Several options exist for state legislators interested in promoting reform of land-use regulation to promote housing development.

First, the housing element of comprehensive plans can be given a top-tier priority or planning objective among the dozen or so that currently make up these plans. Current comprehensive plans often include more than a dozen objectives or goals. Housing, like infrastructure, can be prioritized over other elements.

Second, state legislation can require that local governments accommodate the production of new housing commensurate with expected increases in the number of households. These estimates would be adjusted yearly based on forecasts of population and household growth.

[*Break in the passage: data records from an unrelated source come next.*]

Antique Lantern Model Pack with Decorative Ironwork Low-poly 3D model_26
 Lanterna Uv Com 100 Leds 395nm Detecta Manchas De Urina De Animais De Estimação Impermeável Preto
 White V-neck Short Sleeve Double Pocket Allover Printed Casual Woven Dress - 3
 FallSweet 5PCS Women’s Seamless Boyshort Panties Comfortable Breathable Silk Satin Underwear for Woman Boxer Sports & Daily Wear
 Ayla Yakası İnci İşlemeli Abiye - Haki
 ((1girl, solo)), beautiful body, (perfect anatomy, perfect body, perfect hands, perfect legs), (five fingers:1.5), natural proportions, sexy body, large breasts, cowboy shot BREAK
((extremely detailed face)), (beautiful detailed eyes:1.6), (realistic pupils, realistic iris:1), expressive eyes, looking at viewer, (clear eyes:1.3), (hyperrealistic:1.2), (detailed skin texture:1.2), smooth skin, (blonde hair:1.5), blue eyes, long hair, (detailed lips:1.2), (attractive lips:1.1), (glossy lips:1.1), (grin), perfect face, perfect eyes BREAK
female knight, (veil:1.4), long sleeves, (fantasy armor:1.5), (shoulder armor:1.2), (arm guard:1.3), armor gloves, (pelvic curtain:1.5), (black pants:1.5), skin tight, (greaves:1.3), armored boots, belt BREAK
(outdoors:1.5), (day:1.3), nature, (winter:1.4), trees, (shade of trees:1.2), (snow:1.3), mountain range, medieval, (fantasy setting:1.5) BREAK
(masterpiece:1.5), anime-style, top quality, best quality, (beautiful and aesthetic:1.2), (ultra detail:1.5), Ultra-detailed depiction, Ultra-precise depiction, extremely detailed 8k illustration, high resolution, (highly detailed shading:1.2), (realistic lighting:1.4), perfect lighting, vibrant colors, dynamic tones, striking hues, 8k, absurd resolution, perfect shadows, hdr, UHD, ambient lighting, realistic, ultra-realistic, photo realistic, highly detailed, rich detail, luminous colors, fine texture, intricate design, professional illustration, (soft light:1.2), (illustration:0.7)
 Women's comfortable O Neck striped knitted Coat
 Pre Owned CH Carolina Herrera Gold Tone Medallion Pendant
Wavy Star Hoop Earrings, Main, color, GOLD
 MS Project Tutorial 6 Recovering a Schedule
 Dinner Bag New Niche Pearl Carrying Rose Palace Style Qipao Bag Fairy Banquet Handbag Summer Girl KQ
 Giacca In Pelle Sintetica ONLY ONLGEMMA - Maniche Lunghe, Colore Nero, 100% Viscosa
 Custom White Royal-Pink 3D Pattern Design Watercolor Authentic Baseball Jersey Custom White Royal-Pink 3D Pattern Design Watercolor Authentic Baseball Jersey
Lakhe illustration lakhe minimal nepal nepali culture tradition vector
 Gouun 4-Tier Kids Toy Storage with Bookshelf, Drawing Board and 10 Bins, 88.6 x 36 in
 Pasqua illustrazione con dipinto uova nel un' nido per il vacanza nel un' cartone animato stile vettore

Third, the state can encourage local governments to adopt policies that allow for more streamlined approvals and more certainty in expected fees. Providing planning grants would provide resources for planning departments to analyze and restructure their planning procedures, permit schedules, and development outcome-based measures for holding the approval process accountable for unnecessary delays. The earlier example of the telecommunications tower permitting is an excellent example of how a one-size-fits-all approach added months to the permitting process. The local government was also not held accountable for the delays caused by imposing unnecessary and inappropriate steps on the approval process. Adding a case manager to each application might help encourage streamlining and accelerating approvals.

Similarly, cities and counties could adopt administrative approval frameworks where certain thresholds in land area and number of proposed housing units can be exempt from public hearings. Local governments could provide case studies for local builders and homeowners so they can better understand outside-the-box best practices. This could be another way to capture housing metrics in addition to more traditional categorized zones. Cities and counties can also be required to provide a scientific rationale for estimating impact fees directly tied to the fiscal impacts of the proposed development.18Crystal Taylor, Parker Ridaught, Sahne Dabney et al., “Assessing Florida Local Government Impact Fees: 2024-2025,” Backgrounder, James Madison Institute, April 2025,
https://jamesmadison.org/wp-content/uploads/Backgrounder_Local-Gov-April2025-v02.pdf

State legislators should avoid dictating specific outcomes at the local level. Rather, a more productive approach would likely be providing clearer guidelines with stronger mechanisms for accountability when local governments fall short.

Florida’s housing shortage, however, is unlikely to be addressed adequately without significant reform that aligns local government interests with the statewide public interest in dramatically expanding the supply of housing. Land-use regulation is an important component of that solution.